> Extracted records:
:::
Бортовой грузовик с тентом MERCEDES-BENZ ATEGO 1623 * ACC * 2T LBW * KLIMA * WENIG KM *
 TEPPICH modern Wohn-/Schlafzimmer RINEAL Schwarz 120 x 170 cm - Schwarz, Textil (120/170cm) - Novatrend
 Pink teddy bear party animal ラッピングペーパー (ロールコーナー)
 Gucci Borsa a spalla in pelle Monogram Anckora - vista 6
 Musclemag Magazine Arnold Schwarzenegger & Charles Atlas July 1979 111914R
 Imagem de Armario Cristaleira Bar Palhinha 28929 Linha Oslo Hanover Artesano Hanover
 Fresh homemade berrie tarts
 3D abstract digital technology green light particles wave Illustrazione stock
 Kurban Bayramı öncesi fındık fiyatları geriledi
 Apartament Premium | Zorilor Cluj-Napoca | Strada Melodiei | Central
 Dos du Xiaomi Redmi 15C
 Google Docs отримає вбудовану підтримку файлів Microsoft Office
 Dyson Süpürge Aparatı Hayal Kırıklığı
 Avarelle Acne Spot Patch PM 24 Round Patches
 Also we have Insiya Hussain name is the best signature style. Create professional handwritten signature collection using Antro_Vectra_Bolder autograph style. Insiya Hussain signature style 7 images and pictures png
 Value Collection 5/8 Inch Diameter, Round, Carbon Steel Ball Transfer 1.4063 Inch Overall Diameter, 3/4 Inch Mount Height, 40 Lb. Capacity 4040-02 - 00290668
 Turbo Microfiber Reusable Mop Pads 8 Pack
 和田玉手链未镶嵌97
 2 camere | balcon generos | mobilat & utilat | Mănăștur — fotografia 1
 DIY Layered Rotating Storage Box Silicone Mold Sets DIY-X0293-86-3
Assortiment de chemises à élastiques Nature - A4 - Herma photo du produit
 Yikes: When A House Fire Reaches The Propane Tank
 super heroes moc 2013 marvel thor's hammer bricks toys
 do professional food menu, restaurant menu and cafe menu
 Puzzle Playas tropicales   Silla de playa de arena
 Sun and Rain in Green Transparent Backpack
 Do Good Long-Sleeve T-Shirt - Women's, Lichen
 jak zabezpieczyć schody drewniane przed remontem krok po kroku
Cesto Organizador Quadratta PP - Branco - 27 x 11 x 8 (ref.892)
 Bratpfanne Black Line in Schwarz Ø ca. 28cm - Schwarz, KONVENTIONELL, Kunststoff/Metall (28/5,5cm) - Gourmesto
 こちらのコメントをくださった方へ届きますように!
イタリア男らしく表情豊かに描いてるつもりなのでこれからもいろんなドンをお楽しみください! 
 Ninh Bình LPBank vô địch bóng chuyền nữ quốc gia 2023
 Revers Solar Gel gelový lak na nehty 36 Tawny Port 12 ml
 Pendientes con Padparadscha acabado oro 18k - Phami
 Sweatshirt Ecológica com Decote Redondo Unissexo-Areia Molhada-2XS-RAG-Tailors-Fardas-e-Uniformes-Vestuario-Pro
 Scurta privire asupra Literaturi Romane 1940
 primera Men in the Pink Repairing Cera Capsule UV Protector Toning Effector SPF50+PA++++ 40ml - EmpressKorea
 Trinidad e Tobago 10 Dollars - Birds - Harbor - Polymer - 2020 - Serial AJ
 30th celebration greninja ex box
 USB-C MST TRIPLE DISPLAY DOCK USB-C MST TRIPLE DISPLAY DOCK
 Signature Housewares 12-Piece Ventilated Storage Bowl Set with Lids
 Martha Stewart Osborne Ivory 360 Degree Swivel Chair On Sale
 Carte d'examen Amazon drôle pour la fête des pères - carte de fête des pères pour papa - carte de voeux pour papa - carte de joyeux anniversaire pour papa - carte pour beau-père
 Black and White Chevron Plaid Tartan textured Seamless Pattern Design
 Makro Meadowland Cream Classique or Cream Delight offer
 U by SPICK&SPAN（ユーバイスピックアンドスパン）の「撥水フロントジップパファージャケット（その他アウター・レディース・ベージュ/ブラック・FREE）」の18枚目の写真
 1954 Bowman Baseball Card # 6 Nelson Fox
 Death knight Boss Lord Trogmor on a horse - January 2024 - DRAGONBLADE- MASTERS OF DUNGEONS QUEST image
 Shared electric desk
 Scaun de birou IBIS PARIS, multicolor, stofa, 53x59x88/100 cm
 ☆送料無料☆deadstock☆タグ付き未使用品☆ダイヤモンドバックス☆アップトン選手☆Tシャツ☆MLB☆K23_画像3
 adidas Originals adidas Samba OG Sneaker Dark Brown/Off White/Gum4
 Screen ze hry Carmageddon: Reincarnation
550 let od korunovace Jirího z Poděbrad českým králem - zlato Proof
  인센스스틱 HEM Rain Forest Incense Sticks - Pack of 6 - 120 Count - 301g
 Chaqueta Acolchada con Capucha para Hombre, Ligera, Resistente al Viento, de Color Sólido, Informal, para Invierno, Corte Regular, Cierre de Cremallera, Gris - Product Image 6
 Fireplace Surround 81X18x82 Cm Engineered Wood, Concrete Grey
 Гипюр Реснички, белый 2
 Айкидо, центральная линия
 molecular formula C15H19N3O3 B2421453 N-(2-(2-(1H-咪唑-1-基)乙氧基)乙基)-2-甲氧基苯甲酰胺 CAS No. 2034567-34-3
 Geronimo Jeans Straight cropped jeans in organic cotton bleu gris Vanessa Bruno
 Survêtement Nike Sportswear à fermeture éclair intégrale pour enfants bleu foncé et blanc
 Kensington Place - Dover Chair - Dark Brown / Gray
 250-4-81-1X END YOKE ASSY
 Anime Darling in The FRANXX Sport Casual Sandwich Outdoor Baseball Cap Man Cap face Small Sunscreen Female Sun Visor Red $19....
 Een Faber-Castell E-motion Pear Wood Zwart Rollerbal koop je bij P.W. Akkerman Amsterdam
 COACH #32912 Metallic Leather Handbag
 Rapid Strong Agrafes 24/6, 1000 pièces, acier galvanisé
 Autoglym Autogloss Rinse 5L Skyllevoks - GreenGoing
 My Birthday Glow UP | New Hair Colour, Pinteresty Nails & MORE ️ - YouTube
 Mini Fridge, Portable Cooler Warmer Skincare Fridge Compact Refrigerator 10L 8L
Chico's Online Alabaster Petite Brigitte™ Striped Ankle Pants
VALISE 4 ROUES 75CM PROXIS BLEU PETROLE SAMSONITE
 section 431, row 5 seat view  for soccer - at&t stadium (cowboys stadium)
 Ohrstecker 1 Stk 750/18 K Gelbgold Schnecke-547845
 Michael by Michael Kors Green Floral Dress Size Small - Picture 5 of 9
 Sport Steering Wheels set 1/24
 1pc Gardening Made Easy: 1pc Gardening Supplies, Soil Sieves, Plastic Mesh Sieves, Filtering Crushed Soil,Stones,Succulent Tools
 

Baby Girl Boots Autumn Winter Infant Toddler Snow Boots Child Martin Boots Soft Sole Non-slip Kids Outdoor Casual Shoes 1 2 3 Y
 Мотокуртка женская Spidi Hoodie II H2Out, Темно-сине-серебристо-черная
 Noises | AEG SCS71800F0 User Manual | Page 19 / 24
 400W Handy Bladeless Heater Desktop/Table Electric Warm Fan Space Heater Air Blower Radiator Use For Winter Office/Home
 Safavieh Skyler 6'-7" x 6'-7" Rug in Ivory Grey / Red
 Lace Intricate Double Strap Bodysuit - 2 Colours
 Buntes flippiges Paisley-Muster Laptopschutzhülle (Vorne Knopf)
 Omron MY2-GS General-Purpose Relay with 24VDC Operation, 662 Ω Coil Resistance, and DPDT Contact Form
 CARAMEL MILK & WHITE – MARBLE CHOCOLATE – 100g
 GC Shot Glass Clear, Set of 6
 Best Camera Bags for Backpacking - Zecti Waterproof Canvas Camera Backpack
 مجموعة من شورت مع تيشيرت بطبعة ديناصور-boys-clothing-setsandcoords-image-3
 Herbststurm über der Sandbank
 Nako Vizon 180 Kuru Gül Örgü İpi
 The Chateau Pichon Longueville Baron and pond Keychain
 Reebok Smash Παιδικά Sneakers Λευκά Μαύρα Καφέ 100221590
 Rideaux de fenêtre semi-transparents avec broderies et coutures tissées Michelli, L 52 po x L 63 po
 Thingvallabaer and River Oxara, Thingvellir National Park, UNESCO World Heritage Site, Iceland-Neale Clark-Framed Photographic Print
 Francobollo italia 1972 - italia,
:::
Bring together all lines in the records where the word "Ivory" is found.

 Martha Stewart Osborne Ivory 360 Degree Swivel Chair On Sale
 Safavieh Skyler 6'-7" x 6'-7" Rug in Ivory Grey / Red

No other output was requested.